Only Enemies of Happiness—another well-deserved jury prize-winner—drew greater exhilaration out of despair; its portrait of Malalai Joya, the young woman elected in 2005 to Afghanistan's parliament, carries the magic uplift of classic Hollywood and the considerable bonus of authenticity. Other war-zone docs allowed far less room for hope. The Israeli Hot House interviews imprisoned Palestinians who have inevitably become martyrs to their cause and shows how "success" in the Israeli-Palestinian conflict only stands to bring more failure. And Charles Ferguson's masterfully edited No End in Sight turns the well-known details of our monstrously bungled Iraq war into an enraging, apocalyptic litany of fuckups.

Whether any movie can make a difference at one of the lowest points in human history seemed a recurring question. A panel discussion called "The Times, Did They A-Change?" (couldn't they have at least changed the title?) concluded only that, in a global market, the antiquated "counterculture" might sell better as a multinational concept. The movies, to their credit, held even less faith in their own power.

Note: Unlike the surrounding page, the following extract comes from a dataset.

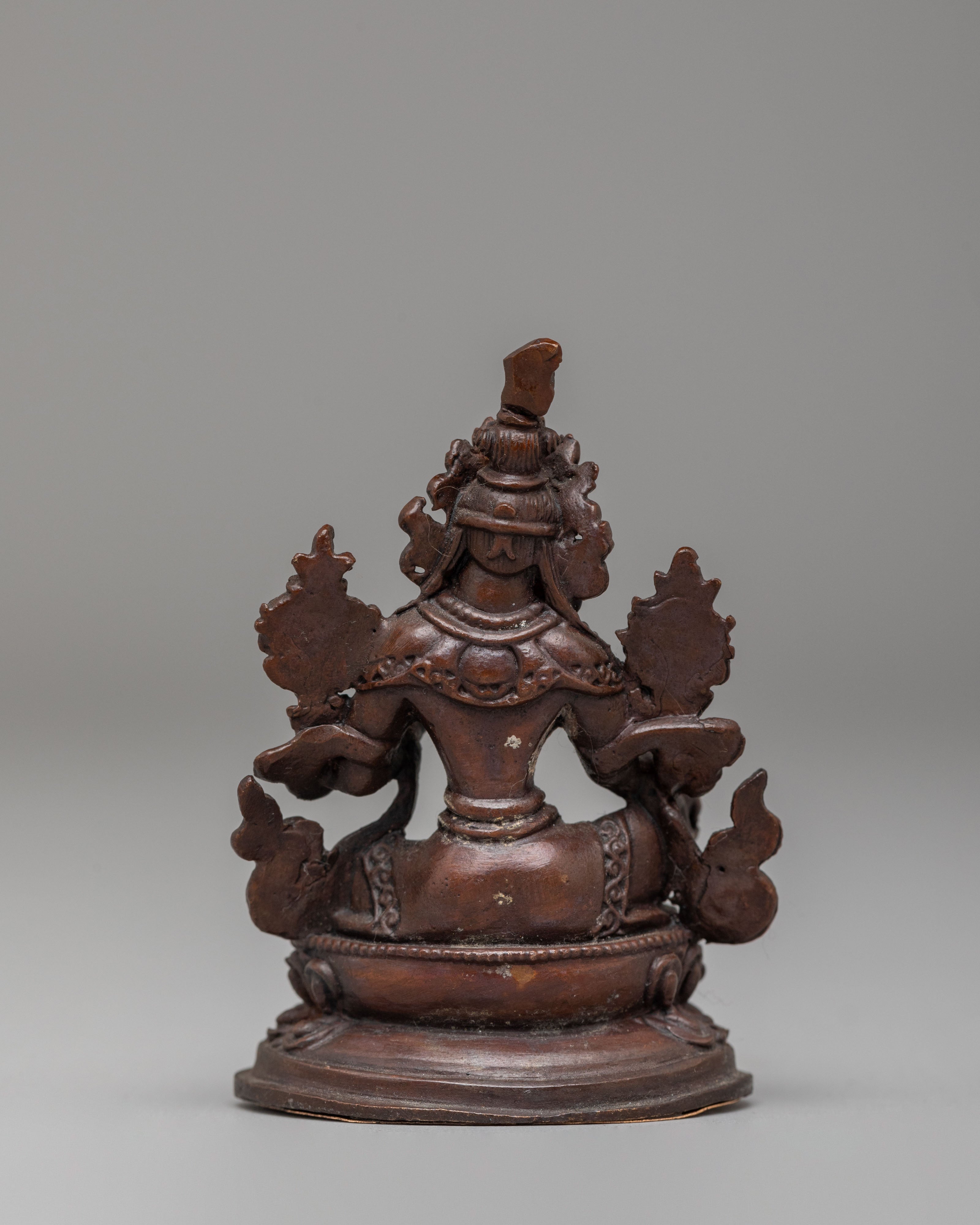 Goddess Green Tara Deity Statue | Spiritual Protection and Healing Statue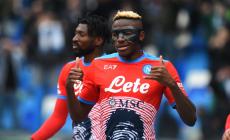 Doppietta Osimhen, il Napoli batte in rimonta l'Udinese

The young American whistleblower of the devastating Darfur doc The Devil Came on Horseback learns the hard way that practically no one is listening even (or especially) when the message has to do with genocide, while the anti-apathy film Everything's Cool messily wonders whether the climate can withstand activist infighting—and how to capitalize on An Inconvenient Truth.

If a single screen can't hold the world's countless horrors, documentary rabble-rouser Travis Wilkerson (An Injury to One) did well to employ five, plus a folk-rock band, for his latest work, Soapbox Agitation #1: Proving Ground, a multimedia rumination on Lenin, Brecht, imperialism, anti-capitalism, and war that invigorated tiny crowds at the fest's New Frontier sidebar. Bracingly resistant to the festival's marketing/distribution model, Wilkerson ("Slave labor and theft are the foundations of American power!") says he may never again perform the show—a sadly suitable outcome for one of the only Sundance products that wasn't for sale.